Family Augustine’s father Patricius was a man of curial rank in rather humble circumstances. He was of a somewhat coarse and sensual temper, given to occasional fits of anger, but generally easy-going. He was anxious that his son should distinguish himself as a lawyer and even borrowed money to enable him to study at Carthage. Aside from this, however, Patricius seems to have paid little heed to his welfare and training. He had not been a Christian up to the time of his son’s departure for Carthage, but through the influence of his wife Monica became a catechumen about the year 370 and was baptized shortly before his death in the following year.

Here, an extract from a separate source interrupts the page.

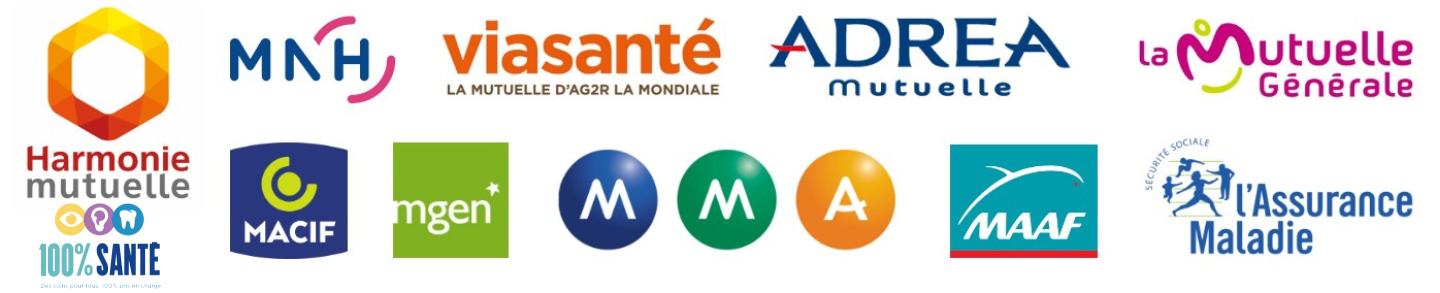 Nos mutuelles partenaires : MNH, Viasanté, ADREA, La Mutuelle Générale, Harmonie Mutuelle, Macif, MGEN, MMA, MAAF, l'Assurance Maladie, 100% Santé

Monica, the mother of Augustine, is forever revered in Christian history. Augustine was not ignorant of her religion, /9/ for she had trained him in his childhood,2 but it soon slipped from his memory when he went away to school. From this time to his conversion in 387, while he was trying one philosophy after another, Monica did not cease to hope and pray that her son would yet become a Christian, though she was at one time unwilling to have him with her in the house because of his outspoken contempt for the Christian faith.3 He says that she wept more bitterly over his spiritual death than other mothers over the bodily death of their children.4 When, in spite of her entreaties, he stole away and took ship for Italy, she would not leave him but followed all the way to Milan, where she constantly attended the sermons of the statesman-bishop Ambrose. With Augustine’s conversion her mission on earth was ended 5 and she saw nothing of his later far-reaching influence, for she died at Ostia in the fall of that same year. Augustine’s tribute to his mother 6 is one of the most perfect and touching in literature.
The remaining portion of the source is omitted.